Look through the records below for the line holding "RELAXSOFA FIERO 3-Sitzer". Write it out exactly, with each following line through the line holding "金科大联考2023~2024学年高二上学期开学质量检测语文".

Data for this exercise
# # # # #
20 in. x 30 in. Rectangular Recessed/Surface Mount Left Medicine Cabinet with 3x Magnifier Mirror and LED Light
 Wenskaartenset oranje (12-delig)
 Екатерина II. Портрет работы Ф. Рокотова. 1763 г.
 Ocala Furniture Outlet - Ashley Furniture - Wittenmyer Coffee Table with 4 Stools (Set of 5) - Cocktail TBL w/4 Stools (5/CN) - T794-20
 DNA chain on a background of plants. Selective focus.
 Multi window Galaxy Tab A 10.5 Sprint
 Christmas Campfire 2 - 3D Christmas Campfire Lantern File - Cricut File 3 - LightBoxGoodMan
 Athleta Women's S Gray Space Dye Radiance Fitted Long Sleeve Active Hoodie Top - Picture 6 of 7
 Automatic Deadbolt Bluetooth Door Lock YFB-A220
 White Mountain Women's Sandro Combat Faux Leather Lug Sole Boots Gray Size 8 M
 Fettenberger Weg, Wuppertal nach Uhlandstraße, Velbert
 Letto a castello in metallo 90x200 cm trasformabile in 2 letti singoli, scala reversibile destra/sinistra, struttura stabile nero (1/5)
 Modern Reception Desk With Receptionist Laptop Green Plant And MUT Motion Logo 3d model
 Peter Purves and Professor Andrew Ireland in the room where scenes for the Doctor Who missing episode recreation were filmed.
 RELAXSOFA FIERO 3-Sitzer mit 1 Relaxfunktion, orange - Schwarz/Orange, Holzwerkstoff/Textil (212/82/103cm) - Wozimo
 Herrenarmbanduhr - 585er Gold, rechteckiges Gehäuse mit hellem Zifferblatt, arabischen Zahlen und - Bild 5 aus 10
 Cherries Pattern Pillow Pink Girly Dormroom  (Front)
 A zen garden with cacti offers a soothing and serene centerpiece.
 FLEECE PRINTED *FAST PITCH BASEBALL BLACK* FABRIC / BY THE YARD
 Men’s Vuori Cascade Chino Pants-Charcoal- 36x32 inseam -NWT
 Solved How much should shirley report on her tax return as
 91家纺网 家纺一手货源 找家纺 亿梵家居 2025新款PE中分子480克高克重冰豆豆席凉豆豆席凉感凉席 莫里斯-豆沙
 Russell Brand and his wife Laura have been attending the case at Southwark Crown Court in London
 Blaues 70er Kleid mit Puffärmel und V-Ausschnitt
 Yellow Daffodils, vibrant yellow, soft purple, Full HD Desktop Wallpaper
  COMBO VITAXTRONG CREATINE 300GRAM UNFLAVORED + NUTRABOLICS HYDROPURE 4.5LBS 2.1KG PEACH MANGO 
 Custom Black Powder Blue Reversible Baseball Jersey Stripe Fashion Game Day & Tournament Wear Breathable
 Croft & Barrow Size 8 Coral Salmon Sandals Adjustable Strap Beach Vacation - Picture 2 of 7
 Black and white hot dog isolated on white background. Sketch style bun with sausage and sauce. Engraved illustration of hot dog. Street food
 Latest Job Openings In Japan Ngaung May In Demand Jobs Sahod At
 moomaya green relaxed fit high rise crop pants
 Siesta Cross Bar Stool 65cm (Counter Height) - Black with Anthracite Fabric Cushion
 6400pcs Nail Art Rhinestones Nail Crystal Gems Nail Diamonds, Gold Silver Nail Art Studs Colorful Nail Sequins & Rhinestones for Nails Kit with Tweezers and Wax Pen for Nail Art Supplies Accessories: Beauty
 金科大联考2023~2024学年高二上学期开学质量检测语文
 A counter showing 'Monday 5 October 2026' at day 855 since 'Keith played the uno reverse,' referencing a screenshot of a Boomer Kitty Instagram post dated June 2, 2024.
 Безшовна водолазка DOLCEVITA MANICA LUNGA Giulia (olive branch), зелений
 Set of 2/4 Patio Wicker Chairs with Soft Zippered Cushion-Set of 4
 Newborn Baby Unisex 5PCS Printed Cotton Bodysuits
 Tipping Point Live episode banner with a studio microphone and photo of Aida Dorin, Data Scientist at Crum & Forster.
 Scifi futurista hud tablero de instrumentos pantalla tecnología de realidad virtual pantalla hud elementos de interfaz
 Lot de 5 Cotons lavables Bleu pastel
# # # # #
Your response
 RELAXSOFA FIERO 3-Sitzer mit 1 Relaxfunktion, orange - Schwarz/Orange, Holzwerkstoff/Textil (212/82/103cm) - Wozimo
 Herrenarmbanduhr - 585er Gold, rechteckiges Gehäuse mit hellem Zifferblatt, arabischen Zahlen und - Bild 5 aus 10
 Cherries Pattern Pillow Pink Girly Dormroom  (Front)
 A zen garden with cacti offers a soothing and serene centerpiece.
 FLEECE PRINTED *FAST PITCH BASEBALL BLACK* FABRIC / BY THE YARD
 Men’s Vuori Cascade Chino Pants-Charcoal- 36x32 inseam -NWT
 Solved How much should shirley report on her tax return as
 91家纺网 家纺一手货源 找家纺 亿梵家居 2025新款PE中分子480克高克重冰豆豆席凉豆豆席凉感凉席 莫里斯-豆沙
 Russell Brand and his wife Laura have been attending the case at Southwark Crown Court in London
 Blaues 70er Kleid mit Puffärmel und V-Ausschnitt
 Yellow Daffodils, vibrant yellow, soft purple, Full HD Desktop Wallpaper
  COMBO VITAXTRONG CREATINE 300GRAM UNFLAVORED + NUTRABOLICS HYDROPURE 4.5LBS 2.1KG PEACH MANGO 
 Custom Black Powder Blue Reversible Baseball Jersey Stripe Fashion Game Day & Tournament Wear Breathable
 Croft & Barrow Size 8 Coral Salmon Sandals Adjustable Strap Beach Vacation - Picture 2 of 7
 Black and white hot dog isolated on white background. Sketch style bun with sausage and sauce. Engraved illustration of hot dog. Street food
 Latest Job Openings In Japan Ngaung May In Demand Jobs Sahod At
 moomaya green relaxed fit high rise crop pants
 Siesta Cross Bar Stool 65cm (Counter Height) - Black with Anthracite Fabric Cushion
 6400pcs Nail Art Rhinestones Nail Crystal Gems Nail Diamonds, Gold Silver Nail Art Studs Colorful Nail Sequins & Rhinestones for Nails Kit with Tweezers and Wax Pen for Nail Art Supplies Accessories: Beauty
 金科大联考2023~2024学年高二上学期开学质量检测语文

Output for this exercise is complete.